10.1 ACCESS may not assign its rights, obligations, or interest under this Agreement to any unaffiliated third party without the prior written consent of COMPANY.
10.2 COMPANY may not assign its rights, obligations, or interest under this Agreement to any unaffiliated third party without prior written consent of ACCESS; provided however, COMPANY may assign its rights, obligations, and interest under this Agreement to an entity acquiring all or substantially all of its assets or business, or to an entity controlled by, controlling, or under the common control of, COMPANY.
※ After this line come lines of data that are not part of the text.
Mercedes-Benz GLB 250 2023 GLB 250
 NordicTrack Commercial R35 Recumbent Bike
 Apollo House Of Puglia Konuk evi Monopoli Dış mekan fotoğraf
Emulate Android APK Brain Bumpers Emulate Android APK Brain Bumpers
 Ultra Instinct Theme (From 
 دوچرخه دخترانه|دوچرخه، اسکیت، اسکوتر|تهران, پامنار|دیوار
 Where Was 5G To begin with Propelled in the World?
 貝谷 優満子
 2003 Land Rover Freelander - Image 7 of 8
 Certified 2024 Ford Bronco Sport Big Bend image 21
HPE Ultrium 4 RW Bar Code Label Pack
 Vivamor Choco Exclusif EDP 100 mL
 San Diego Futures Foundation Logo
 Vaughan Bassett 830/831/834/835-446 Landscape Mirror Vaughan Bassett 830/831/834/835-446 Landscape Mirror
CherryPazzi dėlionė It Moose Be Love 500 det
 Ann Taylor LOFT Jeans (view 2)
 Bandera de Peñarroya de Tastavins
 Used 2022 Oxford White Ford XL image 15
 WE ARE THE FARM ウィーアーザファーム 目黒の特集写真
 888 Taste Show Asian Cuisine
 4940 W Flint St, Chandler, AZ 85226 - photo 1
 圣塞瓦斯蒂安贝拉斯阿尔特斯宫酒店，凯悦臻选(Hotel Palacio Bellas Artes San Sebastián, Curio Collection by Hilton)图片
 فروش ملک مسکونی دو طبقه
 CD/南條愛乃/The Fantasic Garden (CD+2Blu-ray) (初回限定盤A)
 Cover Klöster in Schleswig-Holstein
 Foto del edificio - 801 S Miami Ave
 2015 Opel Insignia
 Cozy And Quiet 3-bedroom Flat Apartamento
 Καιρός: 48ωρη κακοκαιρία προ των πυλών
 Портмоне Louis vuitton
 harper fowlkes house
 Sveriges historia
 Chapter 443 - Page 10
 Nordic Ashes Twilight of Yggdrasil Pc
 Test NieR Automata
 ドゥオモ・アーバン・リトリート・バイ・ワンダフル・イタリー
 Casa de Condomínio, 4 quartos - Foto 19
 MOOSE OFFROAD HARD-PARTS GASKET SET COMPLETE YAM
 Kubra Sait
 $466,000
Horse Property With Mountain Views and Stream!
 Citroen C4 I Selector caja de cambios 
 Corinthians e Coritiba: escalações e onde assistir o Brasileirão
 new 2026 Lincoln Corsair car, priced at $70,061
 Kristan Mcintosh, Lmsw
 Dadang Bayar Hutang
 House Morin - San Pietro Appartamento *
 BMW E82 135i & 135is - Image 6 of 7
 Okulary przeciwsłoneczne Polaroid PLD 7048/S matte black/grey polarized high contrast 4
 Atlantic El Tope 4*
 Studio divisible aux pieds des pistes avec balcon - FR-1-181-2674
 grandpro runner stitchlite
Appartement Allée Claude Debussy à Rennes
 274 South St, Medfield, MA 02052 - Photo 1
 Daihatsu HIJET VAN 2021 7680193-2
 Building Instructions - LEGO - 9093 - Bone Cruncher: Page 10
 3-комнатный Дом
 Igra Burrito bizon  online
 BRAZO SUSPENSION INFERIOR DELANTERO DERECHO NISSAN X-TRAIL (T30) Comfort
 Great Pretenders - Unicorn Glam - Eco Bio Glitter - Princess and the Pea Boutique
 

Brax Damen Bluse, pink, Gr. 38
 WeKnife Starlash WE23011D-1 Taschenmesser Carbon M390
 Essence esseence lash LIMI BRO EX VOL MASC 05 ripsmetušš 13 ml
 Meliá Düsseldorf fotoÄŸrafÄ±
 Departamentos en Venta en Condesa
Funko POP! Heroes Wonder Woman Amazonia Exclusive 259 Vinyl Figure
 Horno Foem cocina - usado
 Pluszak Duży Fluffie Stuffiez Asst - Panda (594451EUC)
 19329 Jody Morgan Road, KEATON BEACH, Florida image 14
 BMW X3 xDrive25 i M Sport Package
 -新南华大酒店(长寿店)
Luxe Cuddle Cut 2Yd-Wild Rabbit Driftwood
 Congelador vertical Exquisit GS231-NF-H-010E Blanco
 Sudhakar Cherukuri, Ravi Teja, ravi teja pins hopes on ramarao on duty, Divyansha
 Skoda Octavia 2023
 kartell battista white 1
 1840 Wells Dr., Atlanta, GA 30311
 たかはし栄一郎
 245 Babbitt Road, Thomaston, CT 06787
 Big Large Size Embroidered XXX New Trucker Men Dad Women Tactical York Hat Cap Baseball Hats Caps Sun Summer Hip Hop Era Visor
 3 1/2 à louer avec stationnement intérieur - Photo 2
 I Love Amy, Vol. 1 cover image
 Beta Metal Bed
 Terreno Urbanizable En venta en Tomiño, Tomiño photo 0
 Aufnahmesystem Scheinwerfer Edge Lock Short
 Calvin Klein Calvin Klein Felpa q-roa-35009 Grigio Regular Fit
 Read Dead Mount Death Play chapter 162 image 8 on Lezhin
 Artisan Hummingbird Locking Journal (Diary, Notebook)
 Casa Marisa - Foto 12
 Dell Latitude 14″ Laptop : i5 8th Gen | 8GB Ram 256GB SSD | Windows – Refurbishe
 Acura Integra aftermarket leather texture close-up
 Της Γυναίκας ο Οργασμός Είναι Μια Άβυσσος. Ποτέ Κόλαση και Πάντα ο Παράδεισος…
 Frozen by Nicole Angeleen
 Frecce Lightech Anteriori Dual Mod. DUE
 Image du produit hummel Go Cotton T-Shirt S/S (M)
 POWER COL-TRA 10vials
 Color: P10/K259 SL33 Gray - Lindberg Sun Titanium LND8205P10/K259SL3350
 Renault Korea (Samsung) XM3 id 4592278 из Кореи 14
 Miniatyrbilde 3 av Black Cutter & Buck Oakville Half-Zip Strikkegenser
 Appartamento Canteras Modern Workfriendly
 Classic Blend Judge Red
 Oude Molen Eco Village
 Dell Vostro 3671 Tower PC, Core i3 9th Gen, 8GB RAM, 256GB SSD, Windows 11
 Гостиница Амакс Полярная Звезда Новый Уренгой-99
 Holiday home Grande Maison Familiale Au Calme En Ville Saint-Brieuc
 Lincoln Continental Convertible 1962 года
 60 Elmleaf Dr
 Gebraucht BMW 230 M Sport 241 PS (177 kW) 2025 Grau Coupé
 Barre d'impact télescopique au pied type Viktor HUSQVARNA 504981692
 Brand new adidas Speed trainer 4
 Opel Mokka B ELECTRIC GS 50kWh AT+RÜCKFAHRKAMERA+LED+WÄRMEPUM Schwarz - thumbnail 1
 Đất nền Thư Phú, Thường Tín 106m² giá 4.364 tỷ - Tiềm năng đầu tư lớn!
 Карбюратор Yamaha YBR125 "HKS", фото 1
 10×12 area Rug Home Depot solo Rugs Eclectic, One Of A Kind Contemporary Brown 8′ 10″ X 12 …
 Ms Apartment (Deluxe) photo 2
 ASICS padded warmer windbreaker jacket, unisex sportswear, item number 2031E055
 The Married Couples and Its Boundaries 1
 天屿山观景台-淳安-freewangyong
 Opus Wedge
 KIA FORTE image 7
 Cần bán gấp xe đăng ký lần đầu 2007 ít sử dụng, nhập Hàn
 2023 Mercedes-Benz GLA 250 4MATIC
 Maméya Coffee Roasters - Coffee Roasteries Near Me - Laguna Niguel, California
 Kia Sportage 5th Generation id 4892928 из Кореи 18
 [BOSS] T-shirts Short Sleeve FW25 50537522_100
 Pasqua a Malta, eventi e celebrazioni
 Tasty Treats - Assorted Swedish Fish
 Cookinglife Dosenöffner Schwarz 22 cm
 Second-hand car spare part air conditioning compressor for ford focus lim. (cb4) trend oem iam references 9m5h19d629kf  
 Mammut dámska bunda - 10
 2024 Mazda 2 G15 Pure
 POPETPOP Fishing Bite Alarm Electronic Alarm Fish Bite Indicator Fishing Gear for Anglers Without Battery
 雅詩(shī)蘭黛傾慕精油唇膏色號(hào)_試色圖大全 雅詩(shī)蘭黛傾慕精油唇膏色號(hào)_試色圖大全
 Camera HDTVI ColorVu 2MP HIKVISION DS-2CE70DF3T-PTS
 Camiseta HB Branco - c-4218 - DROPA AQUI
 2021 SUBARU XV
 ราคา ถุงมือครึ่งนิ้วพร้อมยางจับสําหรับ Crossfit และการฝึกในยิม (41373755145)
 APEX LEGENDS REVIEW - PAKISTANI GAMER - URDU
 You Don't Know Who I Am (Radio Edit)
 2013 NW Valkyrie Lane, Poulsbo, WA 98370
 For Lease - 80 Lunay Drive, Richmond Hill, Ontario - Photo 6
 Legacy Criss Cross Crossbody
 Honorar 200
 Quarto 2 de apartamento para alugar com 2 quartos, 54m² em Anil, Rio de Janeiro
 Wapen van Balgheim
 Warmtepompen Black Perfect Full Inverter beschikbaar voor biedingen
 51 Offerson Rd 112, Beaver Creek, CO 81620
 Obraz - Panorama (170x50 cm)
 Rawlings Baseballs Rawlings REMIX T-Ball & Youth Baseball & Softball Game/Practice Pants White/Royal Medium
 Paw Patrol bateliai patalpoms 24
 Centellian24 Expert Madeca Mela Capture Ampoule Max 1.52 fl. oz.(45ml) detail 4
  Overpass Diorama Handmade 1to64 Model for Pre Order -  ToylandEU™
11. TERMINATION AND TRANSITION.
11.1 COMPANY may terminate this Agreement or any Scope of Work with or without cause, upon thirty (30) days prior written notice to ACCESS. COMPANY shall pay for all services and expenses to said date of termination.
11.2 Either party may terminate this Agreement or any Scope of Work upon breach by the other party of any material covenant, term, or condition of this Agreement, if such breach is not cured within Ten (10) business days after written notice thereof.
11.3 Either party may terminate this Agreement upon the institution of any proceeding for relief under the Bankruptcy Code or if such proceeding is instituted against either party, if either party becomes insolvent, if a receiver (permanent or temporary) of either party’s property or any part thereof is appointed by a court of competent authority, if either party makes a general assignment for the benefit of creditors, or if execution is levied against either party’s assets and such levy or suit is nor dismissed within ten (10) days thereafter.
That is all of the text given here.